About this exercise
Reproduce the entries exactly and omit the pictures.

(Excerpts from a dataset)
^^^^^^^^^^^^^^^^

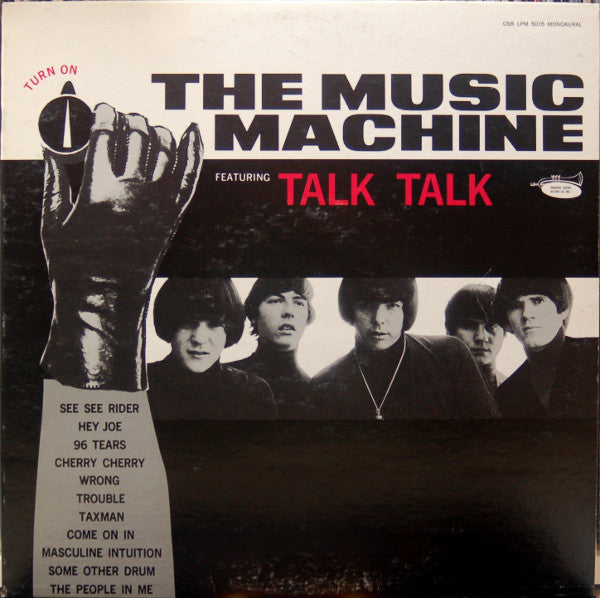 Turn On The Music Machine (1st, MONO)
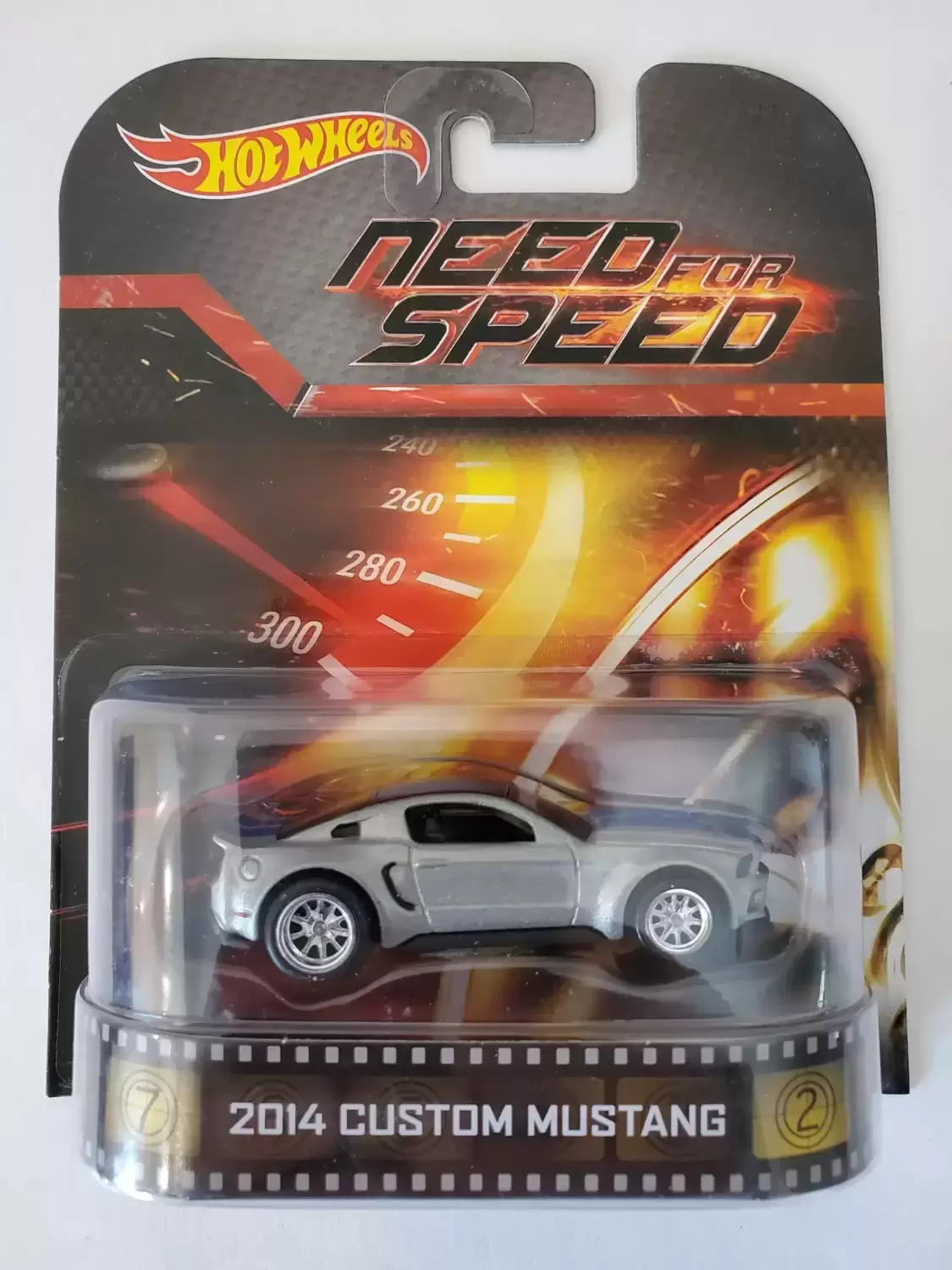 Retro Entertainment Hot Wheels - Need for Speed - 2014 Custom Mustang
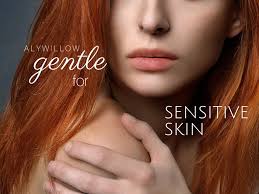 gentle for sensitive skin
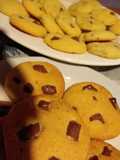 Galletas con chips de chocolate (suaves)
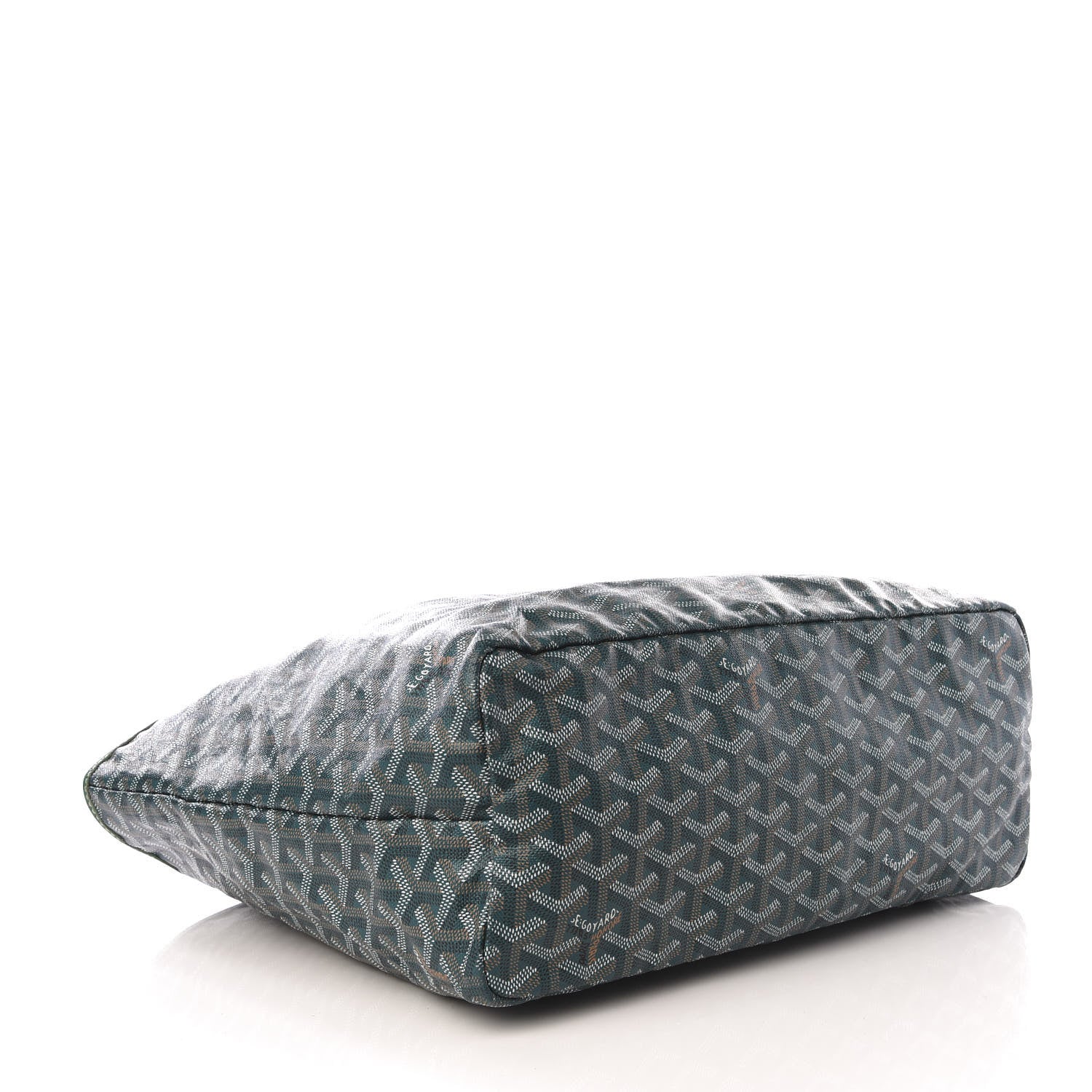 Goyard Goyardine Saint Louis PM Green 4 of 8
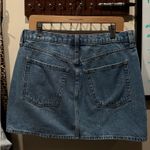 Target  Mini Skirt Denim Photo 1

^^^^^^^^^^^^^^^^

Solution to this task
 Turn On The Music Machine (1st, MONO)
 Retro Entertainment Hot Wheels - Need for Speed - 2014 Custom Mustang
 gentle for sensitive skin
 Galletas con chips de chocolate (suaves)
 Goyard Goyardine Saint Louis PM Green 4 of 8
 Target  Mini Skirt Denim Photo 1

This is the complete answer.